### THE TASK
The entries that follow include a run beginning at the line with "ニードルポイント刺繍額『ローズガーデン』 - 薔薇と天使のアンティーク" and ending at the line with "Apartments Gracia & Toni トロギール エクステリア 写真"; restate that run word for word and leave the rest out.

### SOURCE MATERIAL
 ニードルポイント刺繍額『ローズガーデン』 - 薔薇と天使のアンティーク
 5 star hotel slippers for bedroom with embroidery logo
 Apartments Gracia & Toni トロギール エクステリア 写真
==
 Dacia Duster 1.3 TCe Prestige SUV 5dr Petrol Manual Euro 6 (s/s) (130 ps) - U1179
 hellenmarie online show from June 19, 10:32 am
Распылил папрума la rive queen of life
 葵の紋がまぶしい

### SOLUTION FOR THIS EXERCISE
 ニードルポイント刺繍額『ローズガーデン』 - 薔薇と天使のアンティーク
 5 star hotel slippers for bedroom with embroidery logo
 Apartments Gracia & Toni トロギール エクステリア 写真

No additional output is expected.